In terms of the “next new normal,” future skills and the ability to adapt will be key.
“Now, a lot of research has been done on these types of skills specifically,” Abernathy said. “The bottom line is the cognitive skills are now more important than manual skills, and non-routine skills are more important than routine skills. If it’s the same old thing, it’s not as important as if you can do new things.”
In addition to identifying what skills are most valuable, it will be essential to recognize the trends most likely to impact the workforce going forward. Abernathy identified four: remote work, employee relocation, automation and data analytics.
Due to the COVID-19 pandemic, many businesses and schools moved to remote work. Abernathy expects this to continue after the pandemic, estimating that up to 30 percent of the workforce could work from home at least a couple days week. Thus, self-motivation skills will need to be a priority in hiring.

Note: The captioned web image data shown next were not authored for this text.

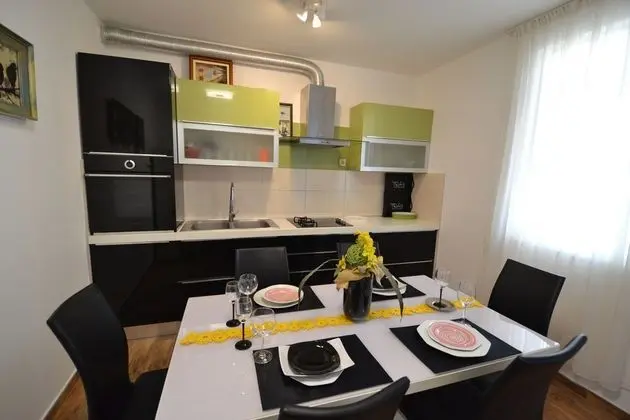 Luxury Apart Daire, 2 Yatak Odası, Plaj Manzaralı, Denize Sıfır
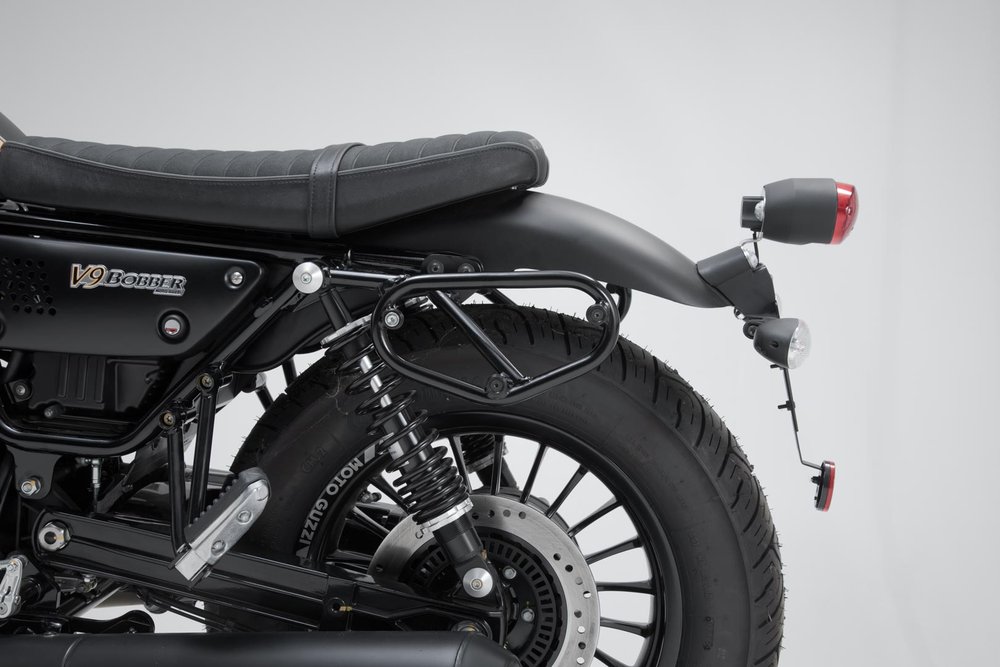 SW-Motech Moto Guzzi V9 Roamer/Bobber (15-). - Moto Guzzi V9 Roamer/Bobber (15-).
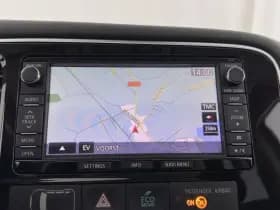 Mitsubishi Outlander thumbnail 14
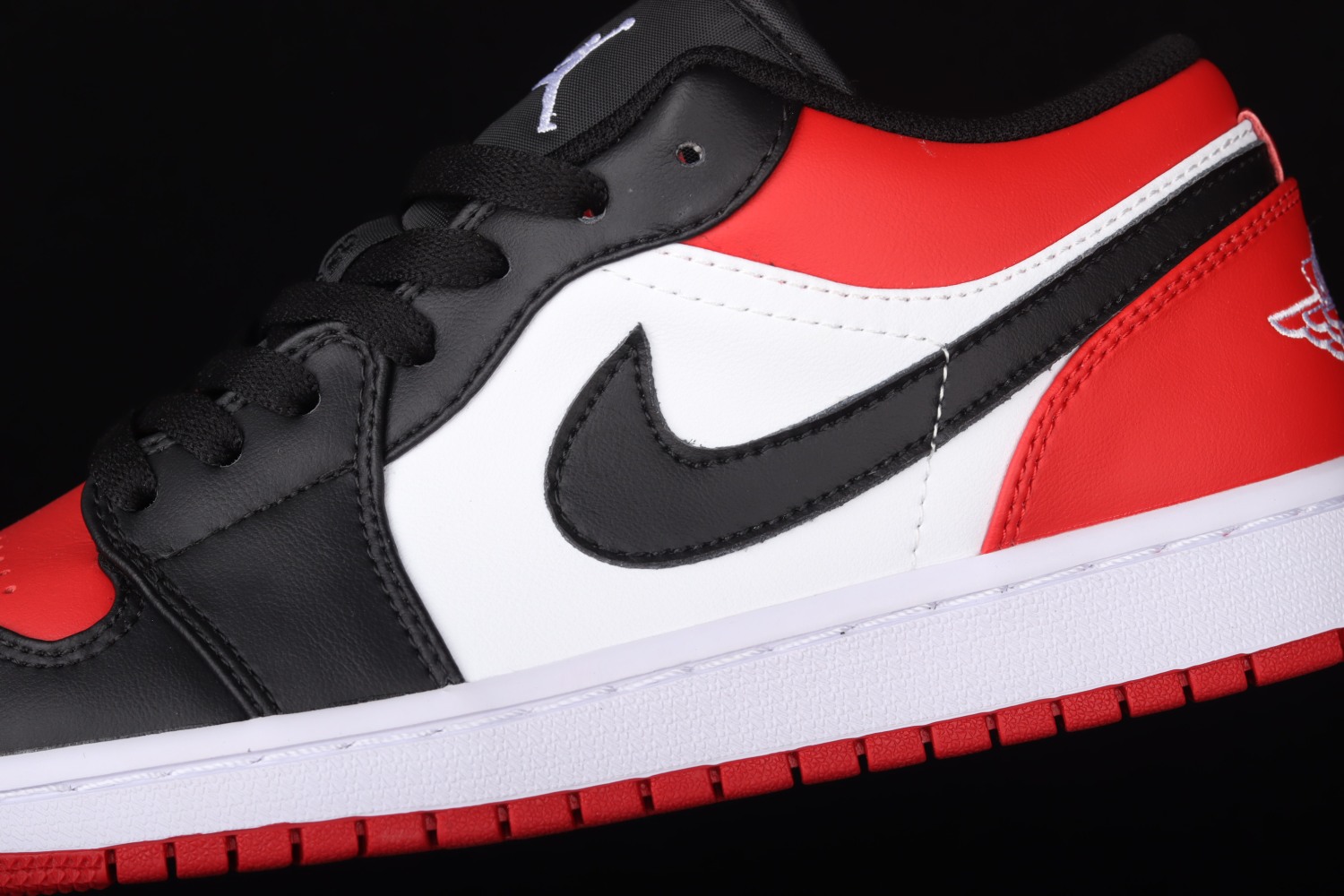Jordan 1 Low Bred Toe 553558-612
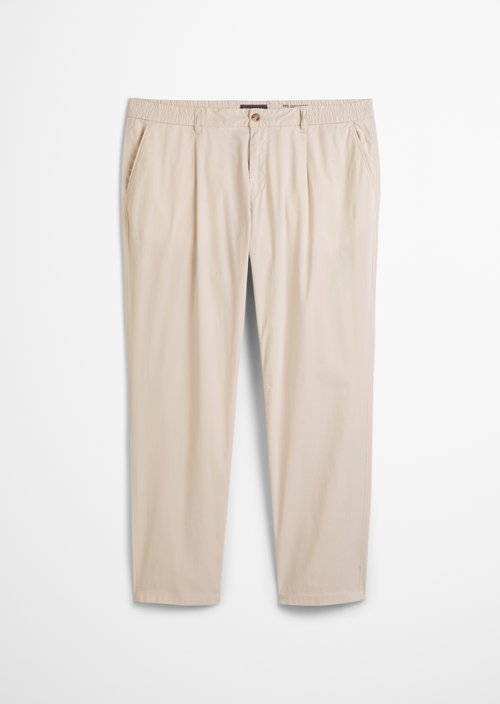 Trousers model Osby pleats tapered — M707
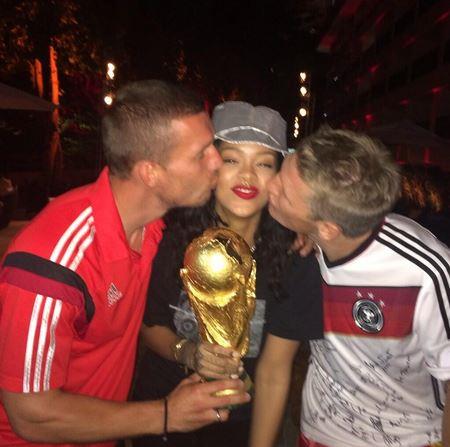 Rihanna baciata da Podolski e Schweinsteiger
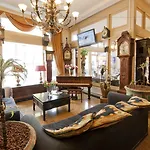 Hotel Ambassador Centre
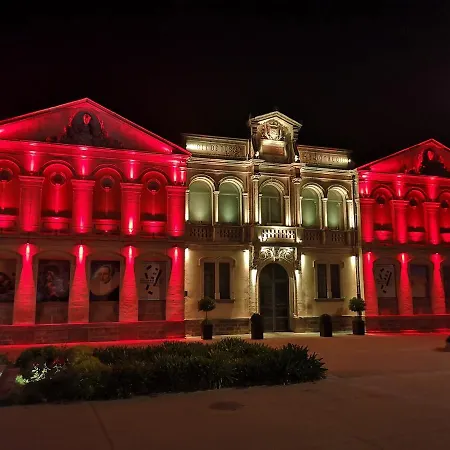 Carcasso Apartment *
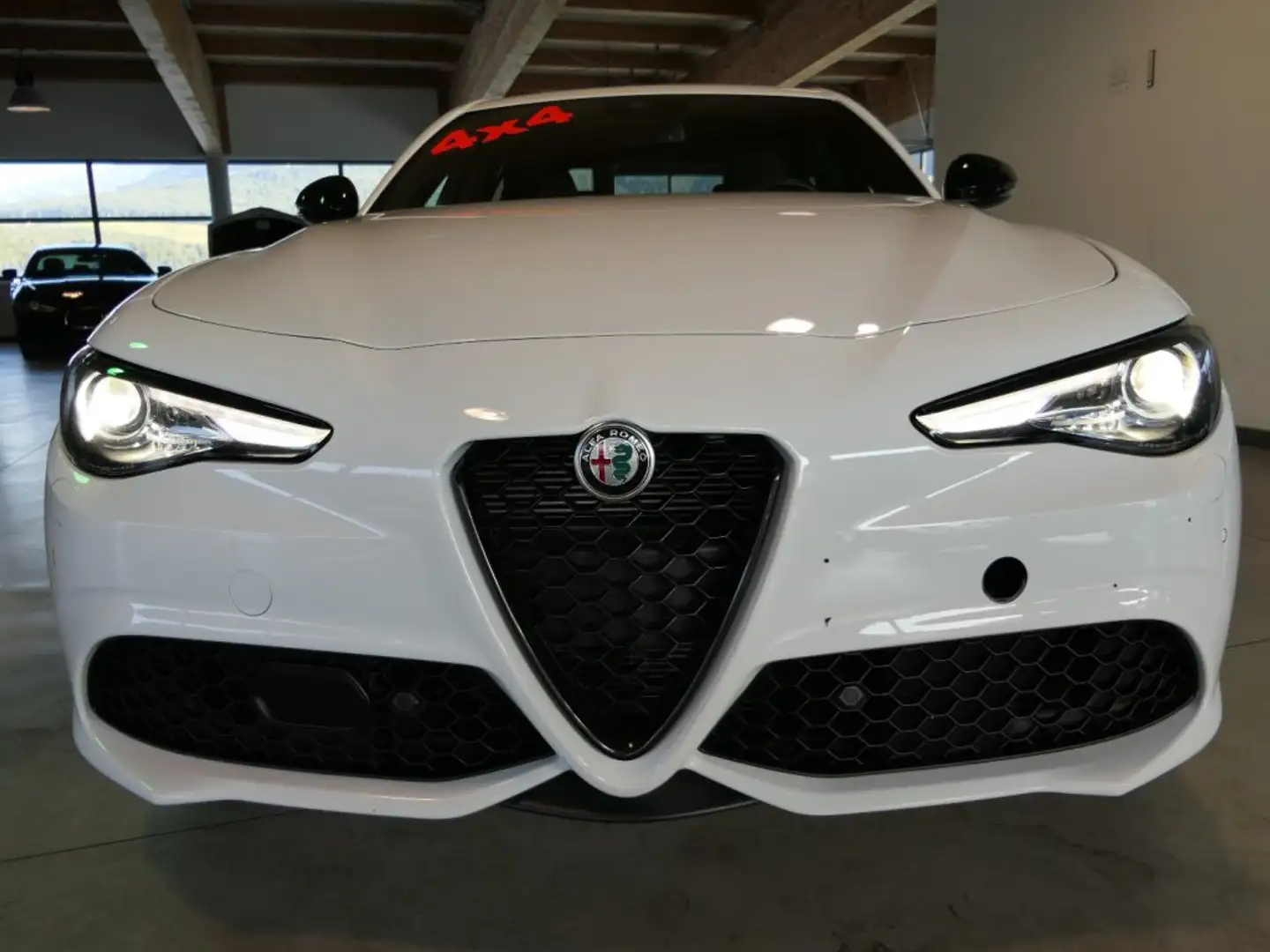 Alfa Romeo Giulia 2.0 Turbo 280 CV AT8 Veloce Bianco - 2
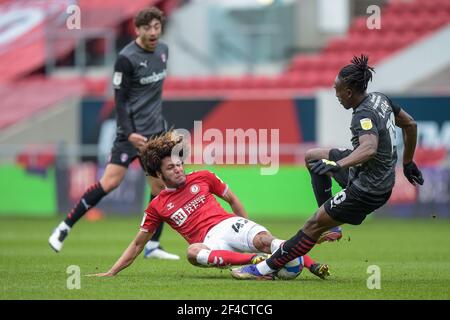 Han-Noah Massengo #42 de la ville de Bristol avec un défi important sur Freddie Ladapo #10 de Rotherham Unis dans , le 3/20/2021. (Photo de Gareth Dalley/News Images/Sipa USA) Banque D'Images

He also noted that people have been moving away from big cities in recent years because of affordability issues. However, they are mostly relocating to mid-sized cities – not rural areas. Though a greater move to remote work could see that change.
“As that happens, the ability to work remotely means that somebody can work in Joplin, and they’re actually working for Cerner in Kansas City,” Abernathy said.
Abernathy ended the keynote session by touting data analytics. He noted that workers and consumers instinctively look at analytics now. Before moving for a job, a potential employee will likely look at housing prices, health care outcomes and school ratings in the area and factor those variables into a final decision.
He closed by adding governments and chambers of commerce should look at economic and employment data to identify what jobs can provide the most value to the state.
“How you raise salaries in Missouri is you focus on industries that have high GDP per worker and you train workers on that,” Abernathy said. “That’s using data analytics, so we know what it takes to push people up the value chain.”